Russian law enforcement agencies have announced that they are prosecuting thirty-seven criminal cases involving money laundering carried out by what a Russian newspaper described today as “a good half of Russia’s largest companies and enterprises,” including oil companies, alcohol producers and grain trading companies. The paper quoted officials from Moscow’s police and special anti-organized crime unit as saying that the heads of one offshore bank, International Cassaf Bank Corporation, were involved laundering more than US$300 million abroad. The bank, which is registered on the Pacific island of Nauru, reportedly used a number of complex schemes to launder money on behalf of a number of leading Russian corporations, including Rosvooruzhenie, Russia’s state arms exporting agency. According to investigators, at least US$30 million in “dirty” money passed through Cassaf Bank’s accounts each month. One laundering scheme involved that bank’s correspondent accounts in three Russian banks–Atlant-bank, Rossissky Kredit bank and MDM bank–in Switzerland’s Inter-Maritime Bank and in the Bank of New York (BONY), among others. MDM bank has been associated in the Russian press with Aleksandr Mamut, reportedly a key Kremlin insider, while BONY has been at the center of a scandal involving alleged Russian money laundering. Today’s report cites unnamed Russian special services officials as saying that during their investigations of these cases, they found “confirmation of practically all the accusations made earlier in the West” concerning Russian money laundering (Vremya novosti, August 7).

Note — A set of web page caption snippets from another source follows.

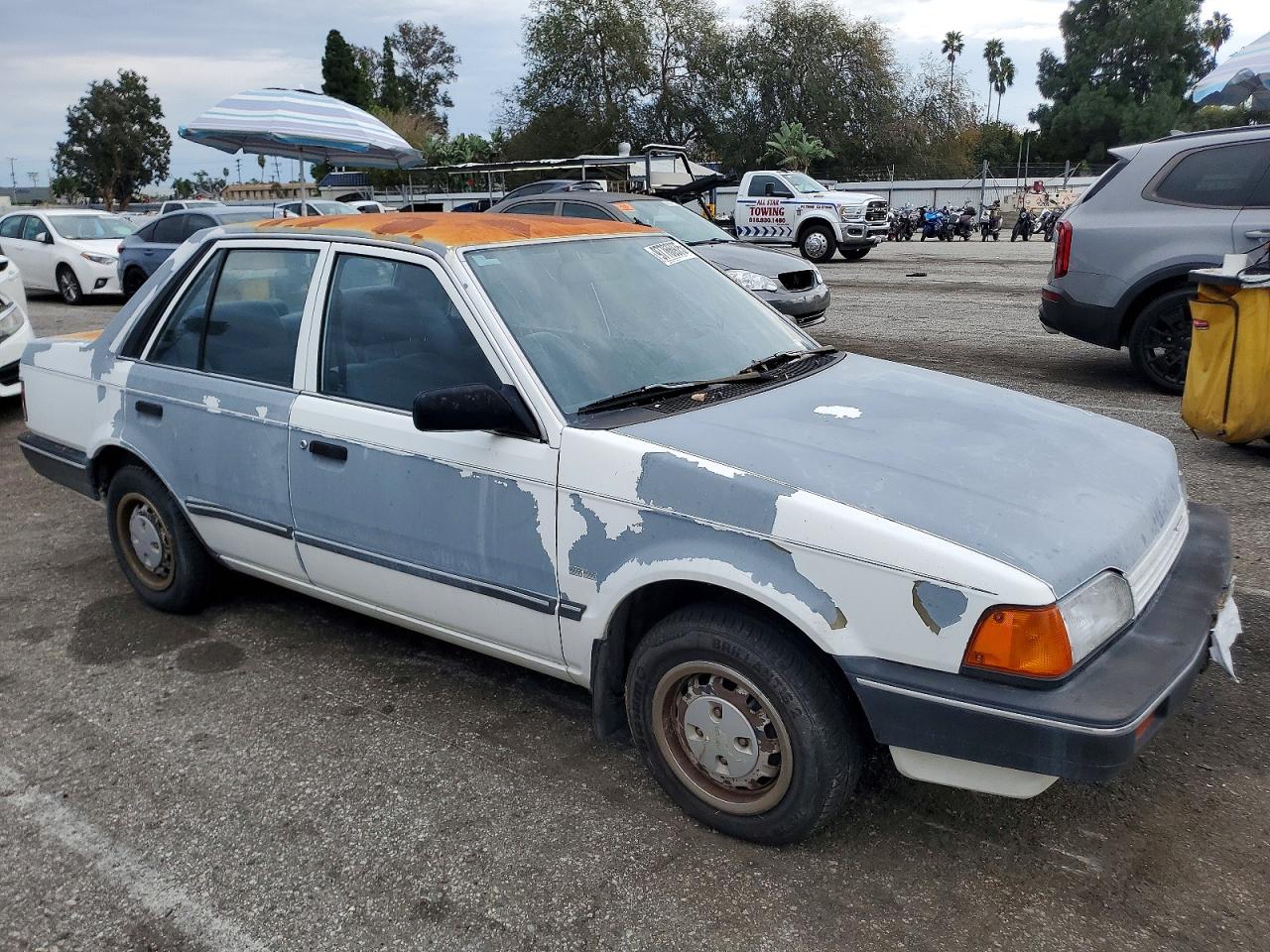 1989 Mazda 323 White vin: JM1BF2221K0305575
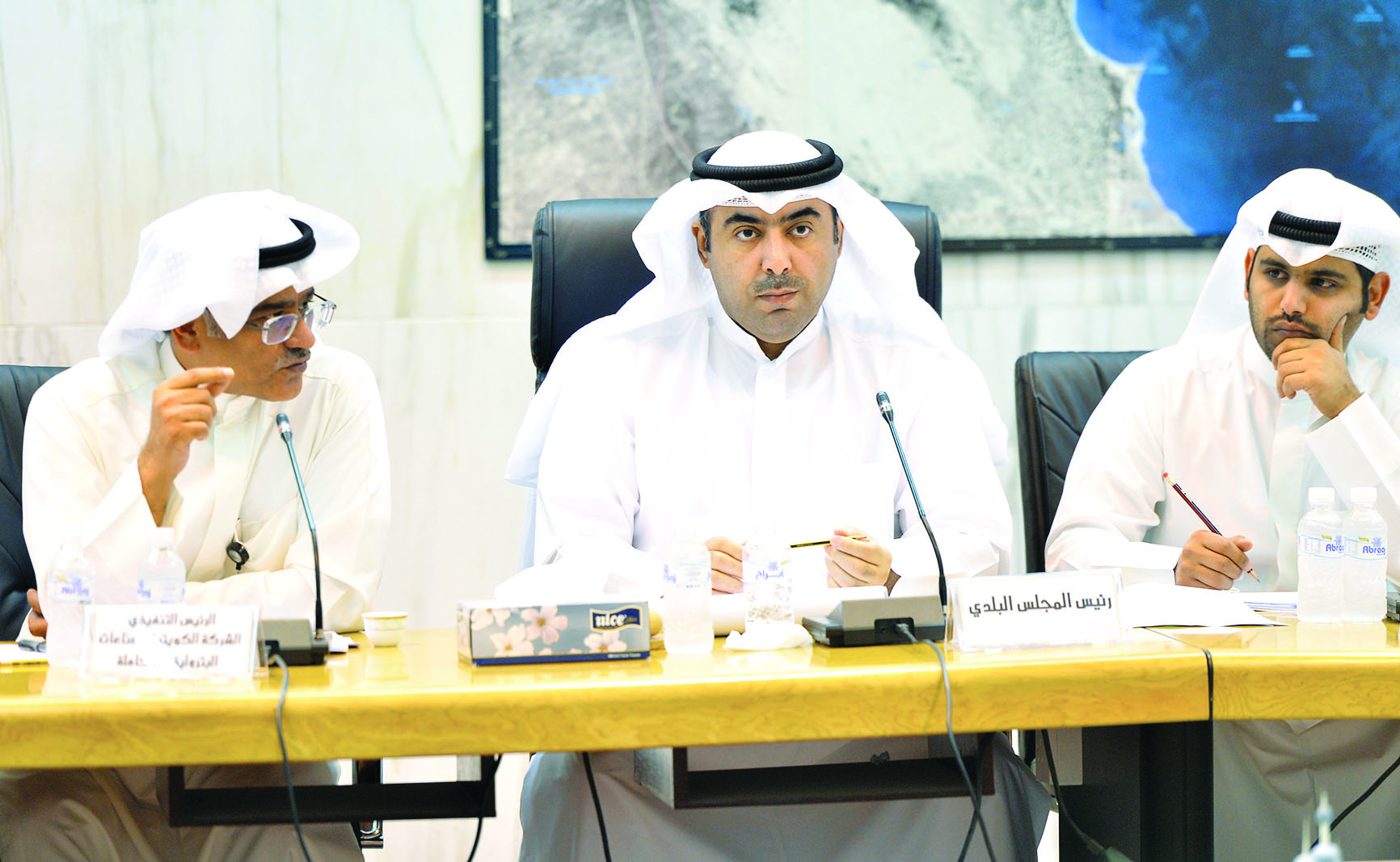 u0627u0644u0639u062au064au0628u064a (u0641u064a u0627u0644u0648u0633u0637) u062eu0644u0627u0644 u0645u062au0627u0628u0639u0629 u0627u0644u0639u0631u0636 u0627u0644u0645u0631u0626u064a u0641u064a u0627u0644u0645u062cu0644u0633 u0627u0644u0628u0644u062fu064a t(u062au0635u0648u064au0631 u0623u0633u0639u062f u0639u0628u062fu0627u0644u0644u0647)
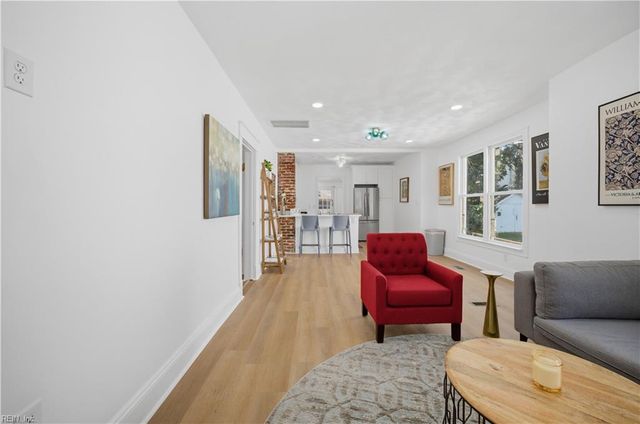 909 W 27th ST, Norfolk, VA 23517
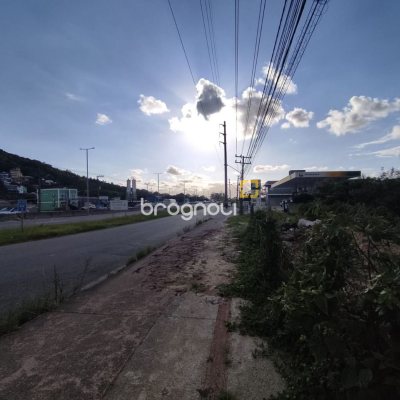 Terreno com 2829m², no bairro Vargem Grande em Florianópolis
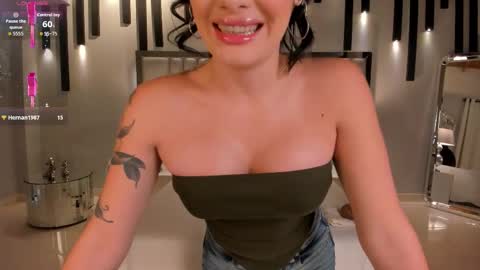 Gia Ferrera online show from 12-14-25, 11:37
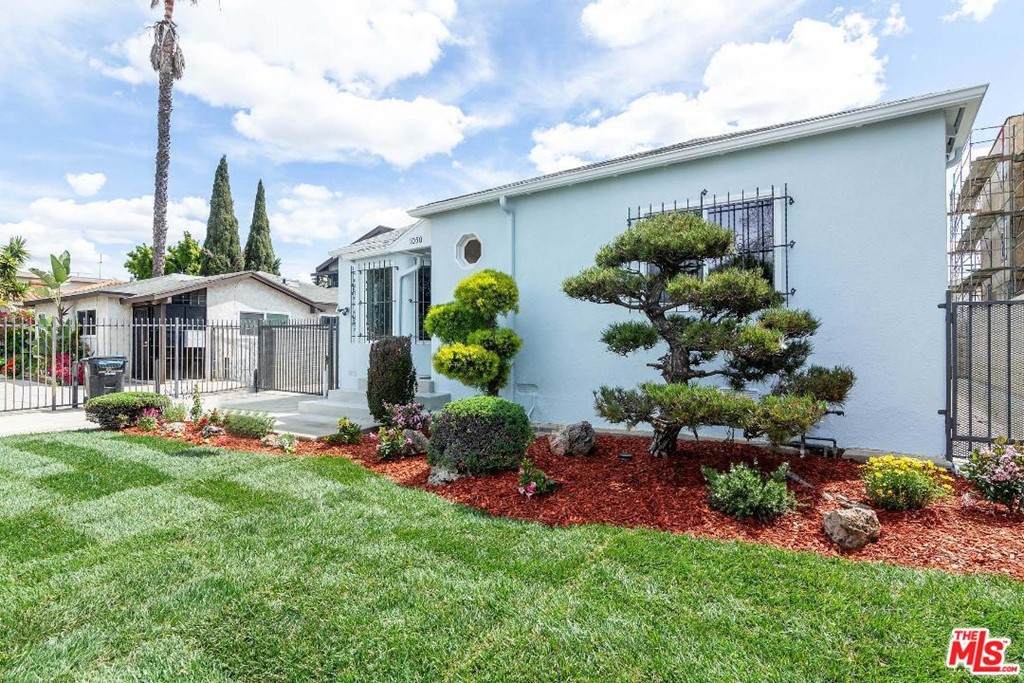 1050 Bronson Avenue - Photo 1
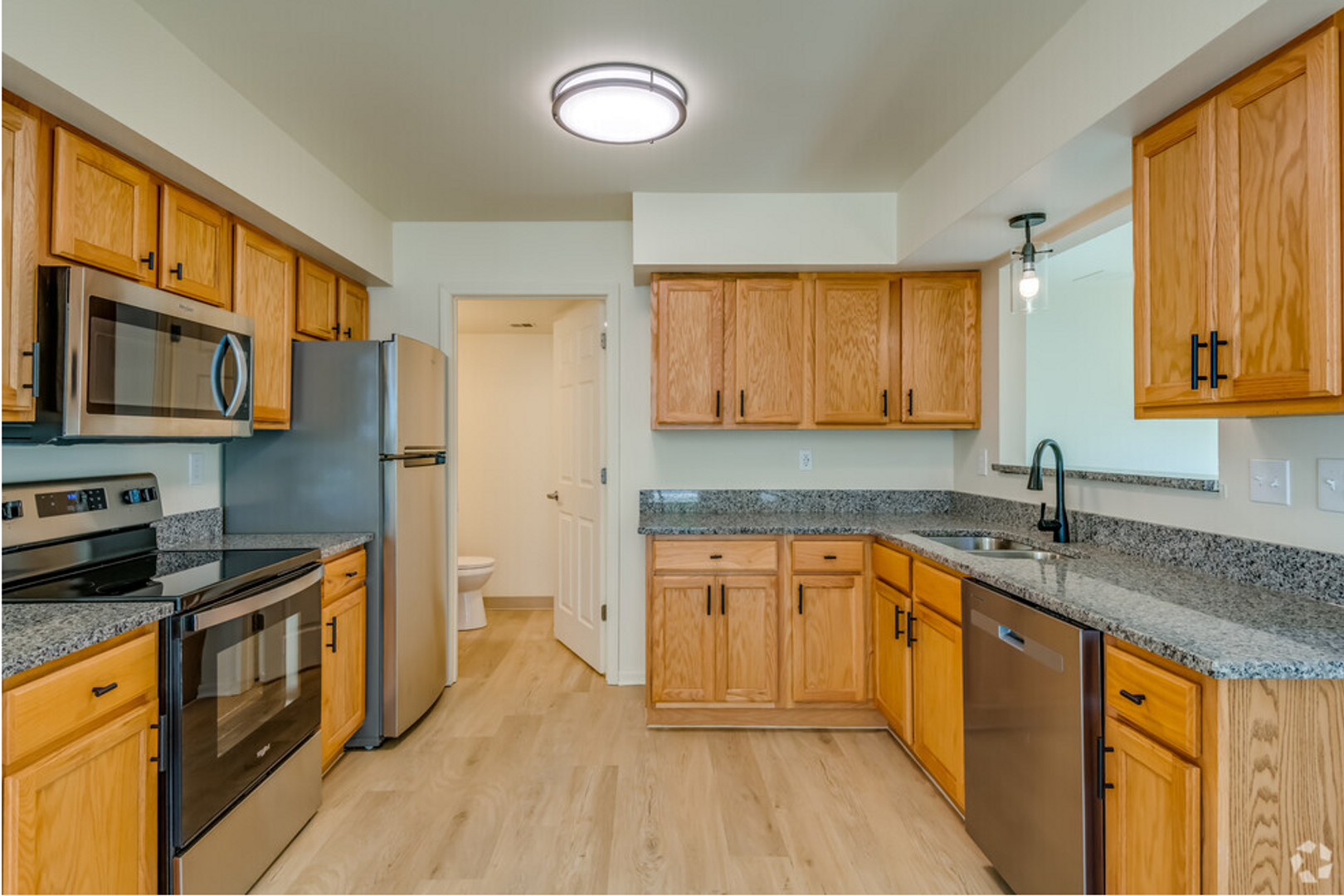 New Berlin Condo: 14810 W Hidden Creek Court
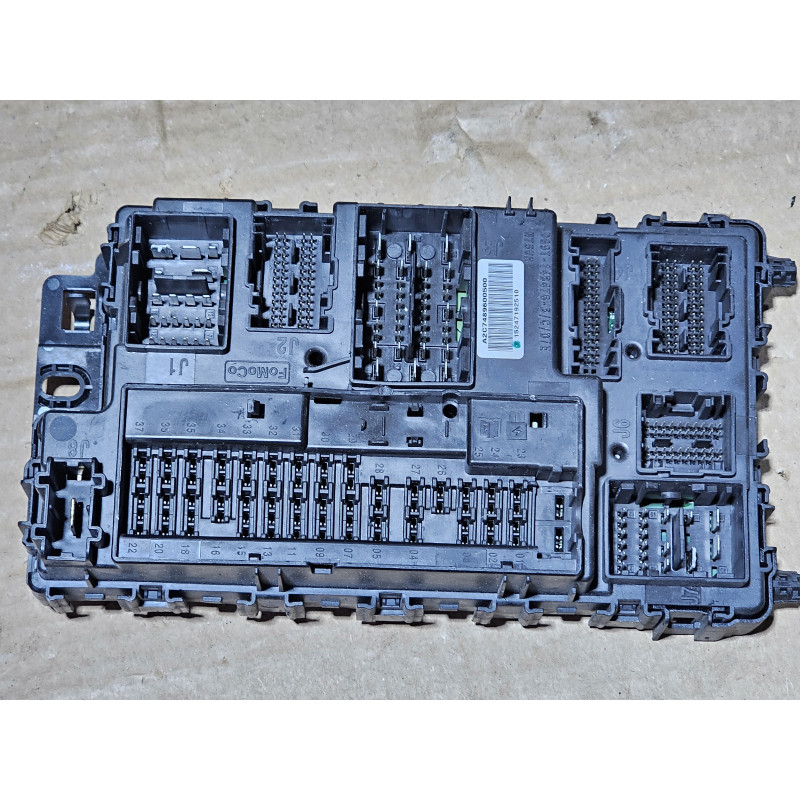 GU5T-15604-BAG Ford Edge Fuse Relay Smart Distribution Junction Box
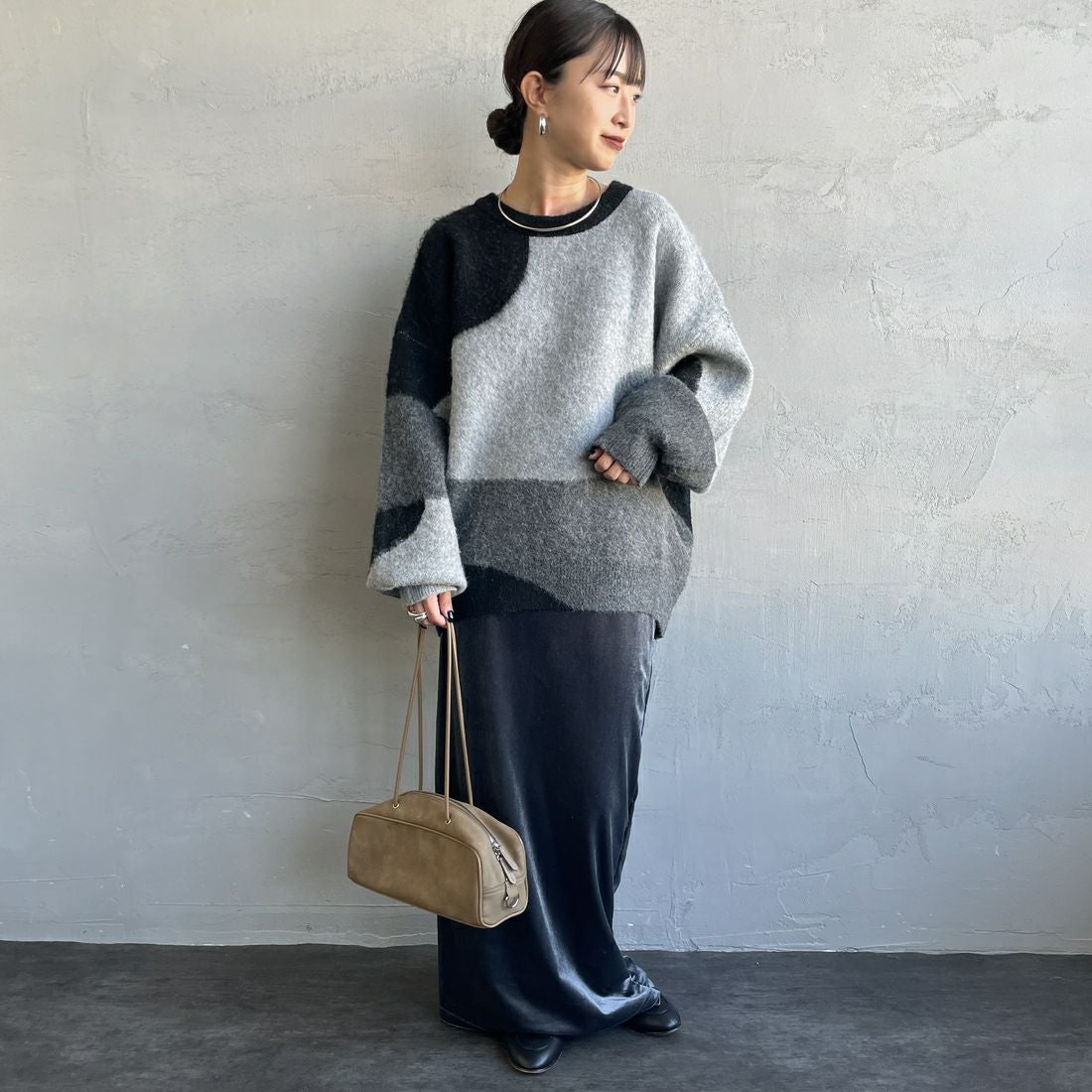 Maison de L'allure [メゾン ドゥ ラリュール] シャギージャガードニット [M25131040] 09 BLACK &&モデル身長：150cm 着用サイズ：F&&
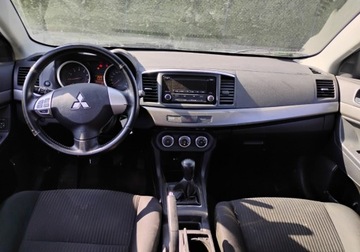 Mitsubishi Lancer IX Sportback 1.6 MIVEC 117KM 2014 Mitsubishi Lancer 122014r, Salonowy. 1.6Benzyna. Uszkodzony lewy tyl. Jezd, zdjęcie 5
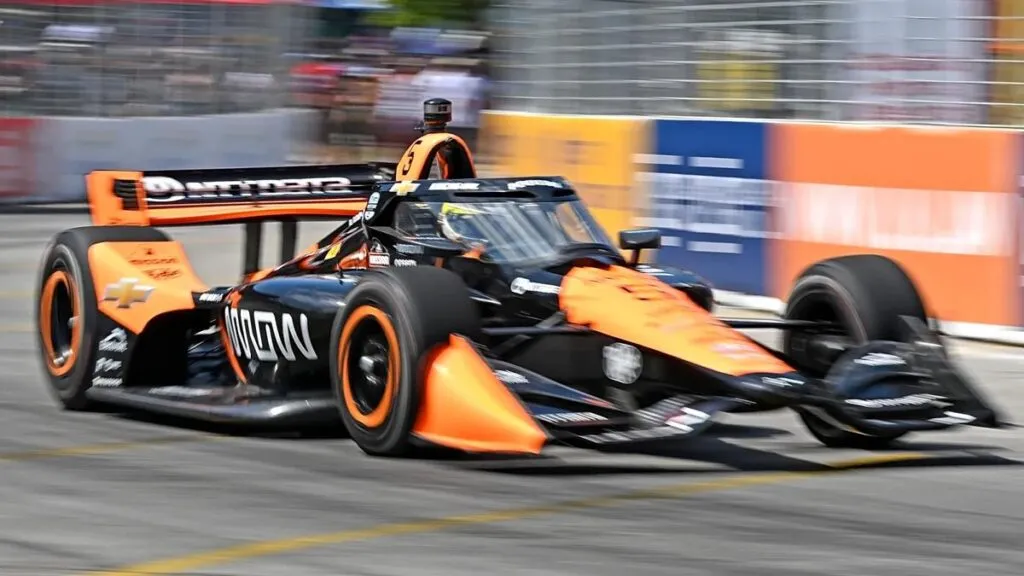 Pato O’Ward se lleva el Gran Premio de Toronto de IndyCar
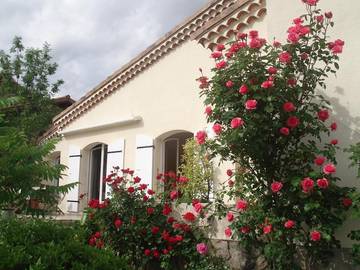 Maison De Vacances pour 6 Personnes dans Vals-Les-Bains, Massif Central, Photo 1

The fact that a Nauru-registered bank is at the center of this new money laundering scandal is not surprising: Late last year, Viktor Melnikov, deputy chairman of Russia’s Central Bank, told the Washington Post that US$70 billion was transferred in 1998 from Russian banks to the accounts of banks chartered on Nauru (see the Monitor, October 29, 1999). Earlier this year, in response to charges that it had become a laundering center for “dirty” Russian money, Nauru announced it would review its banking system (Moscow Times, February 10). During the Group of Seven meeting in Japan in July, the leading industrialized nations announced they would take tough new measures against money laundering and might cut off banking relations with some offending countries. The previous month, the G-7’s Financial Action Task Force put both Nauru and Russia on a list of financial centers deemed “uncooperative” in the fight against money laundering (Moscow Times, July 11).

This latest scandal comes on the heels of allegations that money from the IMF’s US$4.8 billion “stabilization credit” to Russia in the summer of 1998 was diverted to various banks, including BONY (see the Monitor, July 17, 25, 31). Last week, Mlada fronta DNES, the largest-circulation daily newspaper in the Czech Republic, reported that the Czech law enforcement authorities had evidence that money from the IMF credit was laundered in American banks. The paper quoted unnamed Czech counterintelligence officials as saying that last summer they discovered a network of questionable financial transactions between BONY and the Prague affiliates of Komercni Banka and Invedticni a postovni banka, and that these transactions turned out to be part of an operation to launder IMF money bound for Russia. The Czech authorities reportedly informed the FBI of their findings. The Czech paper, quoting sources in the Czech police, reported that funds were still being moved between BONY and accounts in Czech banks belonging to Russian citizens. The article linked the money laundering activities involving the Czech banks with Semyon Mogilevich, an alleged Russian mobster who reportedly laundered money through BONY (Russian agencies, August 3; see also the Monitor, August 27, October 6, 1999). Mogilevich was deported from the Czech Republic in 1995, after which he reportedly he began operating out of Budapest. Earlier this year, an interview with Moskovskie novosti, he denied all the allegations against him, saying he was simply a wheat trader (see the Monitor, February 22).